By Emily Meriam, Ross Donihue, and Craig McCabe, ArcUser, June 2021

Redlining is the practice of discriminating against residents of an area based on race or ethnicity through systematic policies that deny financial services—especially mortgages—that are applied based on location. The Home Owners’ Loan Corporation (HOLC) was created in 1933 to increase homeownership as part of the New Deal. HOLC mapped neighborhoods and assigned grades to areas based on perceived lending risk factors that included racial and ethnic composition. Redlining has had adverse effects on these neighborhoods that can still be seen today.

Researchers in this collaborative project found that environmental factors, such as heat islands, had a striking relationship to HOLC grades. They joined forces to elevate this undertold story and explore this relationship further by performing geospatial analysis on environmental data layers in relation to HOLC grades.
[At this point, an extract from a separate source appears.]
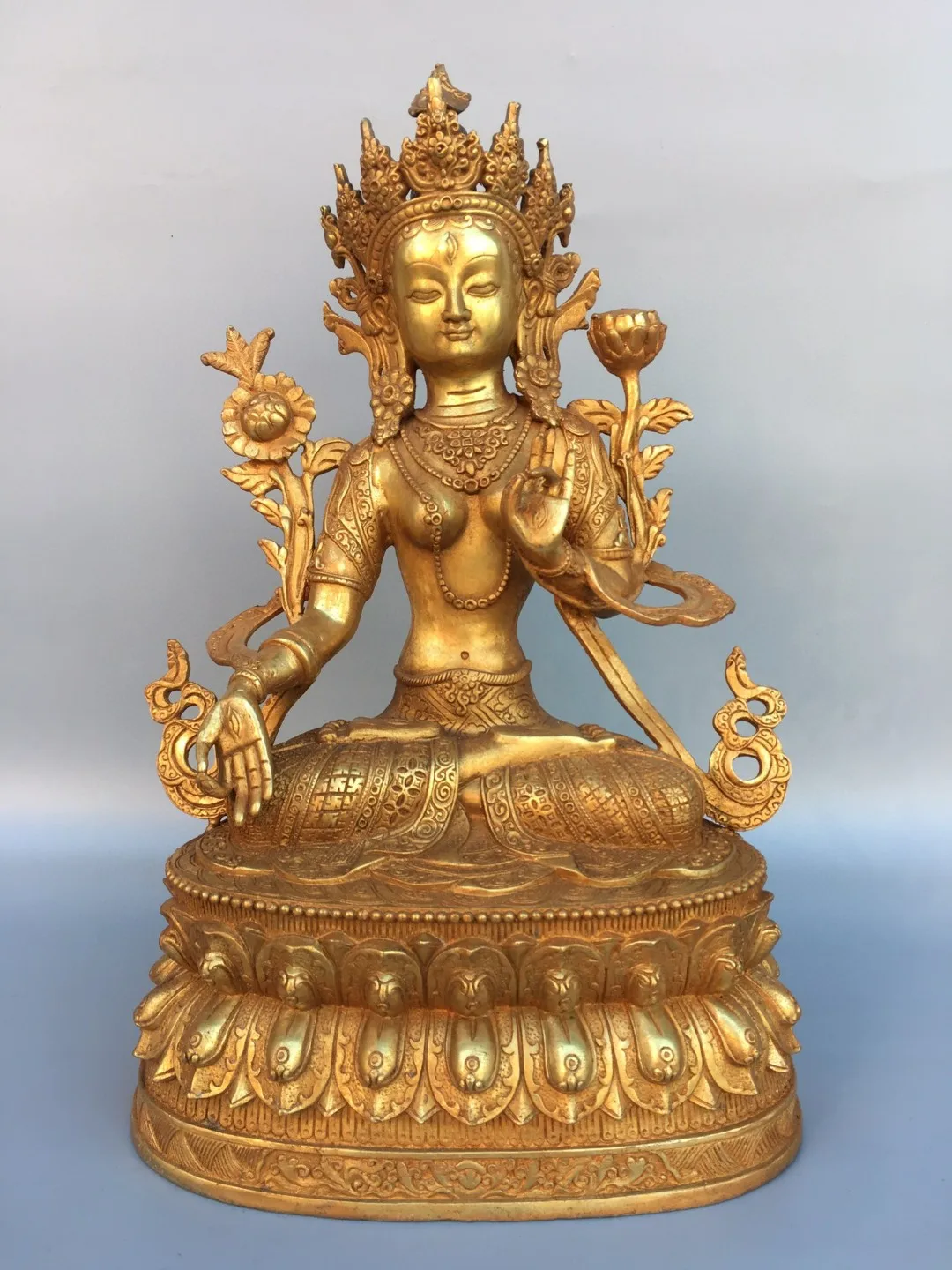 

Antique bronze pure copper gilded Tara statue Tibetan tantric bodhisattva Buddha statue home worship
These collaborations allow researchers and museum staff to raise awareness of the legacy of redlining.

An ArcGIS StoryMaps story, The lines that shape our cities,
that profiles the research done by this team. It explores how redlining policies from the 1930s have left an environmental legacy that is visible in cities today. The story identifies four cities—St. Louis, Missouri; Montgomery, Alabama; Fort Wayne, Indiana; and Oakland, California—that haven’t received major redlining coverage and performs GIS methods on data from these cities to see how environmental characteristics like tree coverage, impervious surfaces, topography, and heat islands relate to HOLC grades.